Menu

1. Biomolecules and Cell Biology

Biology - Class 11

This chapter provides an in-depth exploration of the major biomolecules—carbohydrates, proteins, lipids, nucleic acids, minerals, enzymes, and water—and details the structure and function of eukaryotic cells, including organelles and cell inclusions. It also covers the cell cycle, mitosis, meiosis, and their biological significance.

1. Biomolecules and Cell Biology

Biomolecules

1.1 Carbohydrates

Definition: Organic compounds composed of carbon, hydrogen, and oxygen, generally with the empirical formula C_n(H₂O)_n.

Classification and Examples:

  • Monosaccharides: Simple sugars; e.g., α‑D‑glucose (blood sugar), fructose (fruit sugar).
  • Disaccharides: Two monosaccharides linked by a glycosidic bond; e.g., sucrose (glucose+fructose, table sugar), lactose (glucose+galactose, milk sugar).
  • Polysaccharides: Long chains of monosaccharides; e.g., starch (plant storage, amylose & amylopectin), glycogen (animal storage, highly branched), cellulose (plant cell wall, β‑1,4‑linked glucose).

Functions: Primary energy source (glucose oxidation yields ATP), structural support (cellulose in plant walls, chitin in fungi/arthropods), and storage (starch, glycogen).

1.2 Proteins

Definition: Polymers of amino acids joined by peptide bonds (‑CO‑NH‑) forming polypeptides.

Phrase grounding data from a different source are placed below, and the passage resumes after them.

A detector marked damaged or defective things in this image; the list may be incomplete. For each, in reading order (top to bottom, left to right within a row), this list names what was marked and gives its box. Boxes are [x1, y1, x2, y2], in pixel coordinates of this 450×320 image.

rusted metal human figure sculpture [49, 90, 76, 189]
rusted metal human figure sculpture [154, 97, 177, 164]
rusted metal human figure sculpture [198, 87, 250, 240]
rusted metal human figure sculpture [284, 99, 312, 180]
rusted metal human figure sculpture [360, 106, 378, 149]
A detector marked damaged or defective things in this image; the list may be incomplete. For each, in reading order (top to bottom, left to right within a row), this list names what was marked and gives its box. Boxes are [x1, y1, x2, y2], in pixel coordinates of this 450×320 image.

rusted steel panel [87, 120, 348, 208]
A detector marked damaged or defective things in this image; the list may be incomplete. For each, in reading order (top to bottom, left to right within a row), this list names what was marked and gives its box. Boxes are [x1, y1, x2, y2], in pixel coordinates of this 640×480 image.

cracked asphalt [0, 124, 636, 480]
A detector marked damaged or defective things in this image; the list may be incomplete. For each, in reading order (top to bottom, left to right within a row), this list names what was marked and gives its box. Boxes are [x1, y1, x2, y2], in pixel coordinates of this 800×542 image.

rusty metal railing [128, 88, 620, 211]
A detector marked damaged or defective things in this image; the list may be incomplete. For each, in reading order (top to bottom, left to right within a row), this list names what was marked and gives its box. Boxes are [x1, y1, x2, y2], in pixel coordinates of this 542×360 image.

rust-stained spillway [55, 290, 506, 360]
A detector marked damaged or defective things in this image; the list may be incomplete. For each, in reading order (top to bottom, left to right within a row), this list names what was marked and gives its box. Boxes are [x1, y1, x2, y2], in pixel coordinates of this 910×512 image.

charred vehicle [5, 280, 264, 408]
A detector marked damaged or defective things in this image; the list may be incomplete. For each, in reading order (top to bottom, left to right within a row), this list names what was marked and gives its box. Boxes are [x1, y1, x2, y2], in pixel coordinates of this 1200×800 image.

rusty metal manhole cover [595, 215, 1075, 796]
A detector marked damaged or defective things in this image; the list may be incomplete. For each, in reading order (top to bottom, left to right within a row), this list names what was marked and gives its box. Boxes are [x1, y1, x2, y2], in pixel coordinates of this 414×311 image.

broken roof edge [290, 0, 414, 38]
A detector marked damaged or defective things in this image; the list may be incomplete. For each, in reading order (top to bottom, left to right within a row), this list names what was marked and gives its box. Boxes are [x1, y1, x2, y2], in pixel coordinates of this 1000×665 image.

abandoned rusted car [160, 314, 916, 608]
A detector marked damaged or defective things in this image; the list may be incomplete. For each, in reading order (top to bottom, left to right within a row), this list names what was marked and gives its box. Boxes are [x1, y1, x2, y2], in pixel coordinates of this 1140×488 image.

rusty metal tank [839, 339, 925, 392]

Amino Acid Structure: Central α‑carbon bonded to an amino group (‑NH₂), carboxyl group (‑COOH), hydrogen, and a variable side chain (R‑group).

Peptide Bond Formation: Condensation reaction: R₁‑CH(NH₂)‑COOH + H₂N‑CH(R₂)‑COOH → R₁‑CH(NH₂)‑CO‑NH‑CH(R₂)‑COOH + H₂O.

Levels of Protein Structure:

  1. Primary: Linear sequence of amino acids.
  2. Secondary: Local folding into α‑helices (stabilized by H‑bonds every 4th residue) or β‑pleated sheets (H‑bonds between strands).
  3. Tertiary: Overall 3‑D shape of a single polypeptide, stabilized by disulfide bridges, ionic bonds, hydrophobic interactions, and H‑bonds.
  4. Quaternary: Association of multiple polypeptide subunits (e.g., hemoglobin: α₂β₂).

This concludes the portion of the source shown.